Search code examples
sqloracle-databasejoinsql-insemi-join

Equality of "select ... where in" and joins


Suppose I have a table1 like this:

id | itemcode
-------------
1  | c1
2  | c2
...

And a table2 like this:

item | name
-----------
c1   | acme
c2   | foo
...

Would the following two queries return the same result set under every condition?

SELECT id, itemcode 
FROM table1 
WHERE itemcode IN (SELECT DISTINCT item 
                  FROM table2 
                  WHERE name [some arbitrary test])

SELECT id, itemcode 
FROM table1 
   JOIN (SELECT DISTINCT item 
          FROM table2
          WHERE name [some arbitrary test]) items 
         ON table1.itemcode = items.item

Unless I'm really missing something stupid, I'd say yes. But I've done two queries which boil down to this form and I am getting different results. There are some nested queries using WHERE IN, but for the last step I've noticed a JOIN is much faster. The nested queries are all entirely isolated so I don't believe they are the problem, so I just want to eliminate the possibility that I've got a misconception regarding the above.

Thanks for any insights.

EDIT

The two original queries:

SELECT imitm, imlitm, imglpt 
    FROM jdedata.F4101 
    WHERE imitm IN 
  (SELECT DISTINCT ivitm AS itemno 
       FROM jdedata.F4104 
       WHERE ivcitm IN 
    (SELECT DISTINCT ivcitm AS legacycode 
             FROM jdedata.F4104 
              WHERE ivitm IN 
      (SELECT DISTINCT tritm 
               FROM trigdata.F4101_TRIG)
    )
  )


SELECT orig.imitm, orig.imlitm, orig.imglpt 
    FROM jdedata.F4101 orig 
        JOIN 
        (SELECT DISTINCT ivitm AS itemno 
        FROM jdedata.F4104 
        WHERE ivcitm IN 
              (SELECT DISTINCT ivcitm AS legacycode 
              FROM jdedata.F4104
               WHERE ivitm IN 
                 (SELECT DISTINCT tritm 
                  FROM trigdata.F4101_TRIG))) itemns 
ON orig.imitm = itemns.itemno

EDIT 2

Although I still don't understand why the queries returned different results, it would seem our logic was flawed from the beginning since we were using the wrong columns in some parts. Mind that I'm not saying I made a mistake interpreting the queries as written above or had some typo, we just needed to select on some different stuff.

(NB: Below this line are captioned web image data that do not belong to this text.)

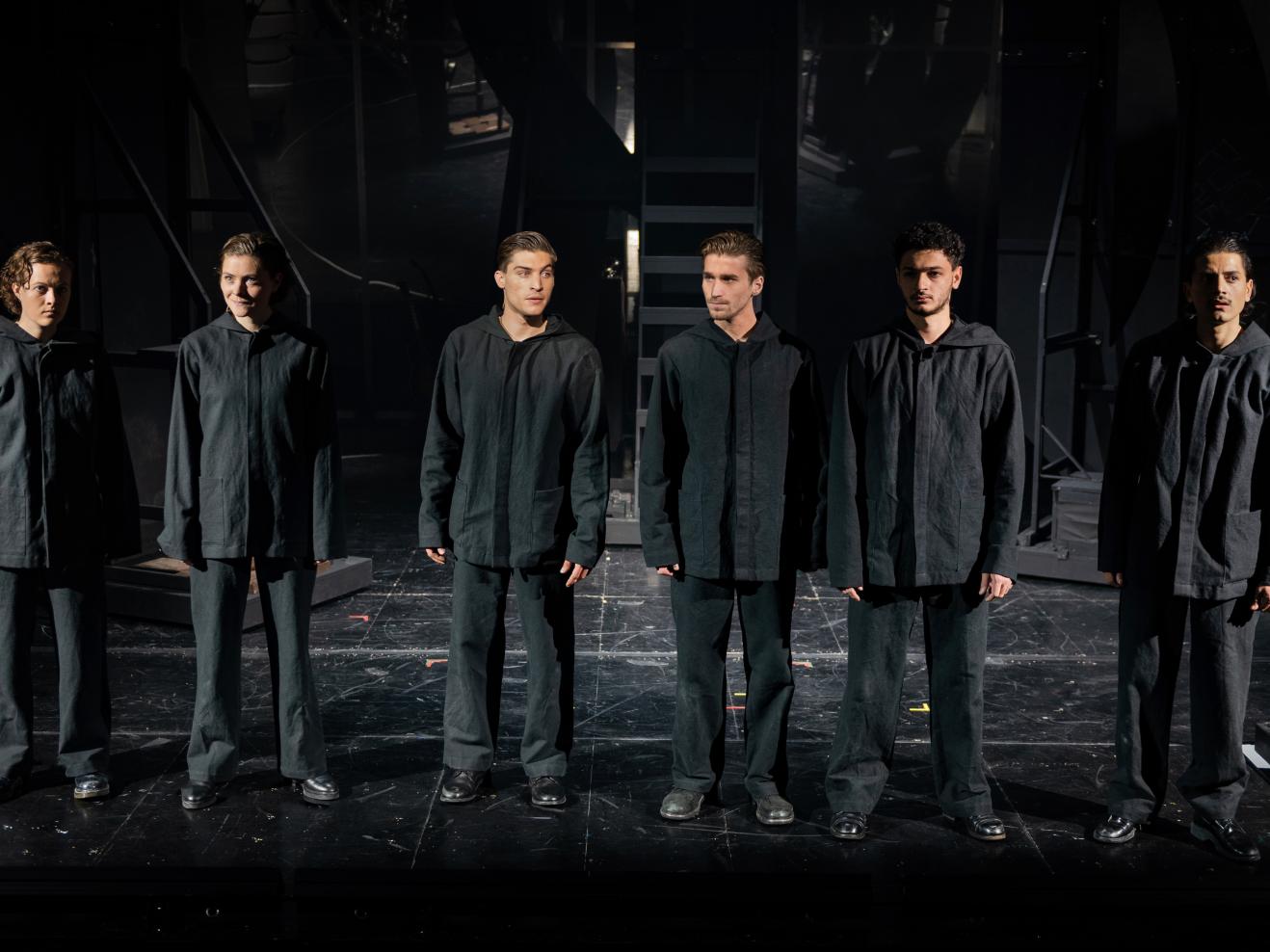 Sechs Schauspielende stehen in schwarz gekleidet nebeneinander auf einer dunklen Bühne.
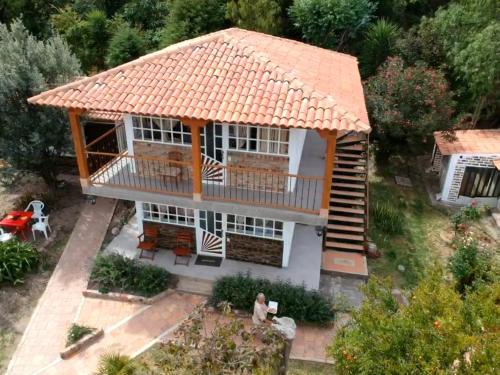 an overhead view of a house with an orange roof at Feliz Amanecer in Sáchica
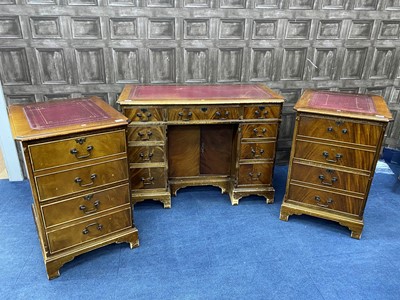 Lot 70 - A MAHOGANY REPRODUCTION WRITING DESK AND TWO FILING CABINETS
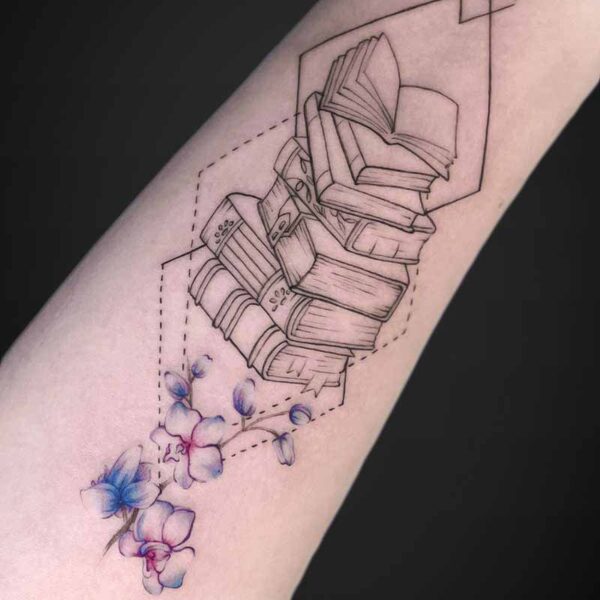 Forearm tattoo showing a stack of books inside a geometric outline, with blue‑violet flowers at the base.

Normally I don't rest until I get to the bottom of things like these, but I'm very tired and am entering my first vacation since January that spans more than one day, so I can't really be bothered searching further right now. I'm sure the tips given here will come in handy later. Upvotes have been distributed for all the help and I've accepted Ypercube's answer, mostly because his comments have led me the furthest. But thanks all round! If I do find out more later, I'll try to remember pinging back in.


Solution

  • Since table2.item is not nullable, the 2 versions are equivalent. You can remove the distinct from the IN version, it's not needed. You can check these 3 versions and their execution plans:

    SELECT id, itemcode FROM table1 WHERE itemcode IN
      ( SELECT item FROM table2 WHERE name [some arbitrary test] )
    
    SELECT id, itemcode FROM table1 JOIN
      ( SELECT DISTINCT item FROM table2 WHERE name [some arbitrary test] )
      items ON table1.itemcode = items.item
    
    SELECT id, itemcode FROM table1 WHERE EXISTS
      ( SELECT * FROM table2 WHERE table1.itemcode = table2.item 
                               AND (name [some arbitrary test]) )